Corps BusinessI read this book in June 2002 by David H. Freedman. It was the year before I went to MBA, and it made an impression on me. I remember telling the HR director about it, and then seeing quotes from the book in one his presentations.

Whether you are a hawk or a dove (agree or disagree) with the US military’s goals – there are lessons to learn. In fact, HBR recently dedicated an entire issue on leadership lesson from the military in 2010. It’s worth a read here (affiliate link).

= = = The book review I wrote in 2002 in blue = = =

As you might expect from a book that parallels the military and business management, there are many references to training, discipline, order, and sacrifice.  However, a vast majority of the book gives a perspective of the US Marine Corps which is radically different than most people would expect.

Provided that Freedman is correct in his analysis, the US Marine Corps is an extremely focused group which is both fast, versatile, and effective in complex situations.

Marines aim for the 70% solution because in the battlefield, speed and boldness is more important than perfection. Put another way, indecisiveness is a fatal flaw. It is better to make small, frequent, and rapid decisions.  Complete analog to consulting.  The client situation is always fluid, so it’s smart to update the client regularly. 

Marines find the essence of any mission. It should be made very clear. In the process, all the assumptions, boundaries (what shall we NOT do) should be questioned and explored. Dissension is invited prior to the final decision.  This was a bit of a surprise, I originally thought the military would be very rigid (to a fault), but then I ran across this quote from 4-Star General Colin Powell, which only made me respect him more:

Colin Powell“When we are debating an issue, loyalty means giving me your honest opinion, whether you think I’ll like it or not.  Disagreement, at this stage, stimulates me. But once a decision has been made, the debate ends. From that point on, loyalty means executing the decision as if it were your own.”   – Colin Powell

Marines push decision making to very low levels in the organization. Bureaucracy does not work in the battlefield. To quote. “The best soldiers are ones who follow orders from above, but do not depend on them.”

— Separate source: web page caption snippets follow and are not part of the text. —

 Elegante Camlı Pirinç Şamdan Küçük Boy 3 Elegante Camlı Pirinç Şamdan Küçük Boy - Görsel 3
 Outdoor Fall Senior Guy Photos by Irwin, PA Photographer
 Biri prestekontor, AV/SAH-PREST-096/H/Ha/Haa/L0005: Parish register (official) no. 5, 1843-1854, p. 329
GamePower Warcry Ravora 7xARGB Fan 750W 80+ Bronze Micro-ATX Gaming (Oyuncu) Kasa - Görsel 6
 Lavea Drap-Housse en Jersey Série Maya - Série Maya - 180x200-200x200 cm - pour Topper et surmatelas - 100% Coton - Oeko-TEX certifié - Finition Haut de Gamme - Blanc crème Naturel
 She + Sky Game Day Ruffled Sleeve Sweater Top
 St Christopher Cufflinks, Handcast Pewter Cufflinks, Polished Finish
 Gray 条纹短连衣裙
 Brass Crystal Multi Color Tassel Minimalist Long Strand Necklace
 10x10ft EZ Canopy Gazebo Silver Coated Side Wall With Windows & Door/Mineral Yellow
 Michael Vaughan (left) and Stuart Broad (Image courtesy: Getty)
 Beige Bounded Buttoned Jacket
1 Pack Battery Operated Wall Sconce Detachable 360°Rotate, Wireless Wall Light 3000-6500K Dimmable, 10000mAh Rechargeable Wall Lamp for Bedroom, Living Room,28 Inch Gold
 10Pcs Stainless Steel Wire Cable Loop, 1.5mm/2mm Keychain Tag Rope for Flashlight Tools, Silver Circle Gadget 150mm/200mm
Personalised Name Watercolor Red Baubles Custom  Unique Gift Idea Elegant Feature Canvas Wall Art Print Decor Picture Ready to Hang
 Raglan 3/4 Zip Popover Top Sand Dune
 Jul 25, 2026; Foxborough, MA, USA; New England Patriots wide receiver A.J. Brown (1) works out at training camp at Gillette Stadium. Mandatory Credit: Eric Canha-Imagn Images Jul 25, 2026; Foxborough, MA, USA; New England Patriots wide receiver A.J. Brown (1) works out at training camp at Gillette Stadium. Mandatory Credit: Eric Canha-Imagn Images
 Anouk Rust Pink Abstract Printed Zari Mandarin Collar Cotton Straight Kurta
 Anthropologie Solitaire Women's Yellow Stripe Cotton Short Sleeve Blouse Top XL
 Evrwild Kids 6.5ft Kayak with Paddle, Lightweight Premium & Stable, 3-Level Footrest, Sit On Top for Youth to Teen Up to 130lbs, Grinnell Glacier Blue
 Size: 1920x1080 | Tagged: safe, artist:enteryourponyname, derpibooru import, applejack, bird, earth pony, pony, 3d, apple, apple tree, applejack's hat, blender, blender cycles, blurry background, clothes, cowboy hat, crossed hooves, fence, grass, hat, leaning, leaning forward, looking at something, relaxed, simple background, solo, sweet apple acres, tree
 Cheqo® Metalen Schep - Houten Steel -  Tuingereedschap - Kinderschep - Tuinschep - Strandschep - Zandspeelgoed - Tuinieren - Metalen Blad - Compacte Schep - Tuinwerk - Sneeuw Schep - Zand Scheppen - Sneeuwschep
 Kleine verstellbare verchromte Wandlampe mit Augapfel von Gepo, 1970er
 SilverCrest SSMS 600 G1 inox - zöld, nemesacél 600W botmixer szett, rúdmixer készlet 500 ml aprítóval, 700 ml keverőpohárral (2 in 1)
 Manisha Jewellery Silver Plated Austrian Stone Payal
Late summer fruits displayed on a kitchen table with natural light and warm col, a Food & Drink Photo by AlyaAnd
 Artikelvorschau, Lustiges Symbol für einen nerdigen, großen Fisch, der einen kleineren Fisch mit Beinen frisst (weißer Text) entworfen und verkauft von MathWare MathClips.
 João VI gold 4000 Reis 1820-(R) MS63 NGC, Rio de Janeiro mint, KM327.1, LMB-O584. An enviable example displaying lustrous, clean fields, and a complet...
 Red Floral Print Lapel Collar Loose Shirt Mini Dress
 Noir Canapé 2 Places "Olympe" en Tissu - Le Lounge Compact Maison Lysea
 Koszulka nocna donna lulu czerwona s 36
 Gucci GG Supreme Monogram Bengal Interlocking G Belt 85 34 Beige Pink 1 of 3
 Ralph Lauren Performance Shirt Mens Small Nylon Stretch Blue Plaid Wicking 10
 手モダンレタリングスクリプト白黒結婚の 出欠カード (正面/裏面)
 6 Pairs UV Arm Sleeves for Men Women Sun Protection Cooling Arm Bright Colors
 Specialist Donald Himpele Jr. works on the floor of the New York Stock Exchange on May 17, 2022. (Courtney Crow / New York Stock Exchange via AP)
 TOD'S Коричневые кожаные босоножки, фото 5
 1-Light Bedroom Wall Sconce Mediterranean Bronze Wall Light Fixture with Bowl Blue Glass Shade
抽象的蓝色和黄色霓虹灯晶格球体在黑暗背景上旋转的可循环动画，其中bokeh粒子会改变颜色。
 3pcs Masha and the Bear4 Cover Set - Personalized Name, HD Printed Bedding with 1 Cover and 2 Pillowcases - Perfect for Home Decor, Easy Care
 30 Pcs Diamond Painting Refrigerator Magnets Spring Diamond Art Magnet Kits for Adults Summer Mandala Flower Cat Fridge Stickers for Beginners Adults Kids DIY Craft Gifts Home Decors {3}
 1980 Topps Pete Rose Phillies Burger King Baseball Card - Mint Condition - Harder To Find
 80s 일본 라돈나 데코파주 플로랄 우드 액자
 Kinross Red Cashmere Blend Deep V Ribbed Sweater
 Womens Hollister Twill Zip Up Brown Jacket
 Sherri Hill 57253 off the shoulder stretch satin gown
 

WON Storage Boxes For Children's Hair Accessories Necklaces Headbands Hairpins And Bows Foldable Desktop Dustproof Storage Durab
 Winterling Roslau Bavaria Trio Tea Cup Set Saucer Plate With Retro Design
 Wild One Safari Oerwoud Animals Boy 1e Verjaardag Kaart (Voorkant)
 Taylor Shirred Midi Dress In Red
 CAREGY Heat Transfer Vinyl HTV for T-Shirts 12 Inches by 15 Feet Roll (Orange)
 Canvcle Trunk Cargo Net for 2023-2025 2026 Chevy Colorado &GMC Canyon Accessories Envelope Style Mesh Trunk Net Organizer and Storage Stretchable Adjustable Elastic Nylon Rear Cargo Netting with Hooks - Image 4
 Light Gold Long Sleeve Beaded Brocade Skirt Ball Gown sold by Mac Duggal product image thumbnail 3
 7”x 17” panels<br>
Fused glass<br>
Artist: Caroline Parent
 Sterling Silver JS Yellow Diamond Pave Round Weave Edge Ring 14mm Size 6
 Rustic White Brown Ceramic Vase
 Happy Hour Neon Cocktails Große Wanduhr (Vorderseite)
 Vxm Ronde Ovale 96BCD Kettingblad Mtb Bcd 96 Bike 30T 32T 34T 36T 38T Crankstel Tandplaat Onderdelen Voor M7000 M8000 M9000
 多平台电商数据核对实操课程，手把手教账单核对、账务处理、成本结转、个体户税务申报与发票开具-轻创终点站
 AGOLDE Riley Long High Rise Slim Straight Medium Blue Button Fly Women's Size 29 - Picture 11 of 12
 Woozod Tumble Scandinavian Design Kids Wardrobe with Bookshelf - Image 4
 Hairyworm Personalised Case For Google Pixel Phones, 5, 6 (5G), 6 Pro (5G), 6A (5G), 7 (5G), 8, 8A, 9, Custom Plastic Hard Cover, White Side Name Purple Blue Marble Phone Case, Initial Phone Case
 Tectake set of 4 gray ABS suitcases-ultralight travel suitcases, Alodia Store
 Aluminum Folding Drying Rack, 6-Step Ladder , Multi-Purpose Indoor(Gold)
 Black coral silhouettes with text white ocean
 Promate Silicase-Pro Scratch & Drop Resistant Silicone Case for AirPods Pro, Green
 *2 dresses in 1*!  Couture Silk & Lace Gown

The Marines are very competitive. Marines hire through trial by fire. Boot camp is a form of Darwinian natural selection. The best and fittest survive. Even after boot camp, many officers leave the Corps because they cannot be promoted, because they are not the best. Similar to the “up or out” promotion criteria used at most strategy consultancies.

Leadership is defined as the ability to have others follow you. If a Marine does not follow an legitimate order, he / she can face disciplinary action, but the superior who gave the order will often find their career stops too. (It demonstrates a break in leadership ability.)  This is deep and worth digging into.  This implies that superiors (or managers in the business world) take some blame when their subordinates don’t follow.  It shows a break down in trust, communications or leadership.  When kids don’t follow their parents, the parents are somewhat to blame.  I like it.

Marines glorify the lower levels of the organization. The most training is at the lowest level of Marine leadership – Corporal.  Even in the dress, there is little difference in dress from the officers and the privates.

Marines focus on the end statement. Marine leadership focus on WHAT TO DO (Mission), not HOW to DO (Details).  This is also very deep.  This is a huge lesson for all of us who have been kick ass individual-contributors in the past, and now are having trouble delegating to others.   Leaders need to lead.

Marines reward failure. The best way to learn is through experience, and if someone does not fail from time to time, they are not pushing the envelope. Marines are focused on continuous improvement, and that requires temporary failure.  Fail and learn.  Fail, but not at the same thing twice.

The Marines have passion for what they do. The Marines have an expression to describe people who just go through the motions of their job: “Going Admin”  This is a word of warning for all of us who have been “on the beach” or relaxing between projects.  The lull of an internal project can be attractive, but ultimately deadly.  Gotta stay sharp.  Stop from “going admin.”